One wacky building. One amazing summer.
According to her mother, Iris is supposed to spend the summer safely indoors, keeping the apartment clean and learning to type. But when Iris follows a cat out onto the fire escape one day, she ends up meeting some of the amazing people who live in her building, including Yolanda, the Cat Lady, and the angry boy with the peashooter. So she comes up with two summer goals of her own: to earn some money, and to spend as much time outside the stuffy apartment as possible.
The money starts trickling in thanks to Iris's many neighbors and her errand-running business. But little does she know her job — and her typing skills — will lead her to play a major role not only in the future of her building, but also in the lives of forty-plus cats. And in the end, Iris gets something she didn't even know she was looking for....

Product Details

ISBN-13: 9780689844546
Publisher: Atheneum Books for Young Readers
Publication date: 05/01/2003
Edition description: Original
Pages: 224
Product dimensions: 5.00(w) x 8.00(h) x 0.60(d)
Age Range: 10 - 14 Years

About the Author

Lucy Frank is the author of five novels for young people: Just Ask Iris; Oy, Joy!; Will You Be My Brussels Sprout?; I Am an Artichoke; and The Annoyance Bureau.
She splits her time between New York City and upstate New York, where she and her husband have raised one son, three cats, and four ducks. Read more about Lucy and her books at www.lucyfrank.com.

Read an Excerpt

Chapter 1

"Aaaaaaaaah, a rat! Oh my God! Dios mío! There's a rat in the bed!"

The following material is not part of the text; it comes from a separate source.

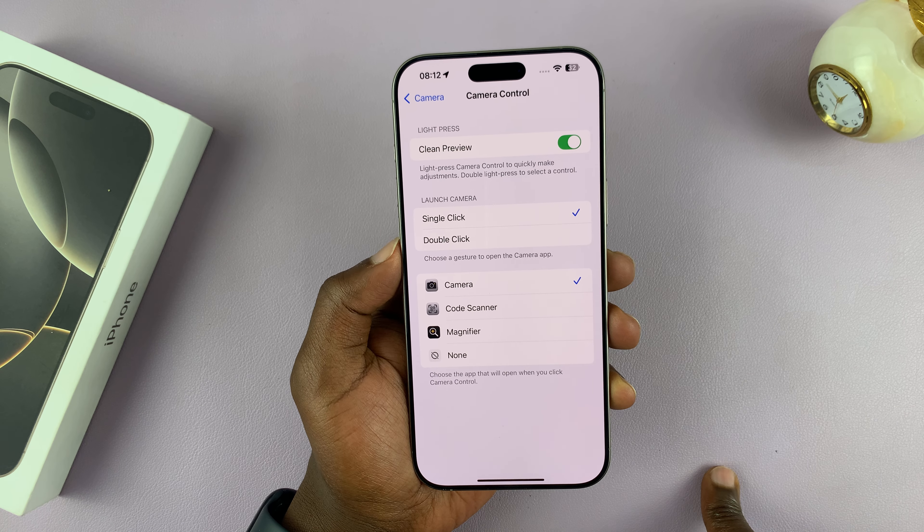You can disable that, and when you launch the camera and try to fiddle with the controls, you can see the camera controls still remain on your screen because you've disabled the clean preview. Thanks for watching — comments and questions down below, and good luck.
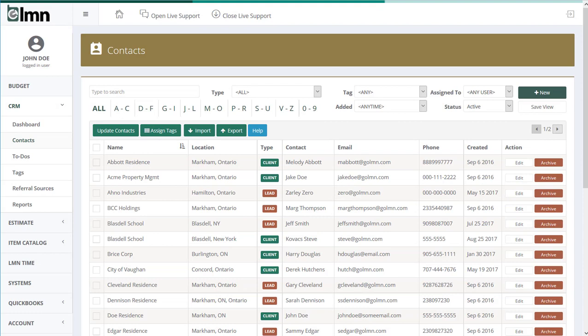Here you are in LMN, and under the CRM menu, I'm going to click Contacts. That's going to show you your list of all the clients and leads and any other people you've entered into the CRM software.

I'd just fallen asleep when I heard Mami screaming. I jumped up, grabbed the staple gun and a paint roller, and ran to her.

"Iris, stay back!" Freddy stood in the doorway to the living room with his baseball bat. Mami was hopping around like the floor was on fire. "It's okay, Ma! Calm down! Relax!" He rushed in and poked the

bat into the corners of the pullout sofa. "Which way'd he go?"

"I don't know!" Mami climbed up on a chair. "All I know, he was huge! He was making the whole bed shake, he was so big."

Freddy stuck his bat under the sofa, peered under the desk, moved the bookcase. "He's not here now. I'd have seen him if he ran past. Ma, maybe you were dreaming."

"No!" she said. "That rat was sniffing and snuffing right next to me! Ay, Dios! I'm never going to get back to sleep until I know he's gone."

Mami is one of those people who, if she's awake, she has to be working at something, and if she's working, she thinks everyone else should be working, so we spent the next hour looking in all the closets and all the corners in every room, stuffing steel wool around the heat risers and nailing a board over the hole behind the sink. "And first thing tomorrow," she said, "we're setting traps. I don't care how much painting and fixing up we did this week. That rat goes or we move right back out of here."

"Back to the Bronx?" I said. "To Grandma's?" We'd moved around a lot — to nice places when Papi was working, not so nice when he wasn't — but never to one with rats. And, until eight days ago, never without Papi. "It's okay with me if we go back," I said.

"I know, m'ija." A tired look came into Mami's eyes, but only for a second. "But that's not going to happen."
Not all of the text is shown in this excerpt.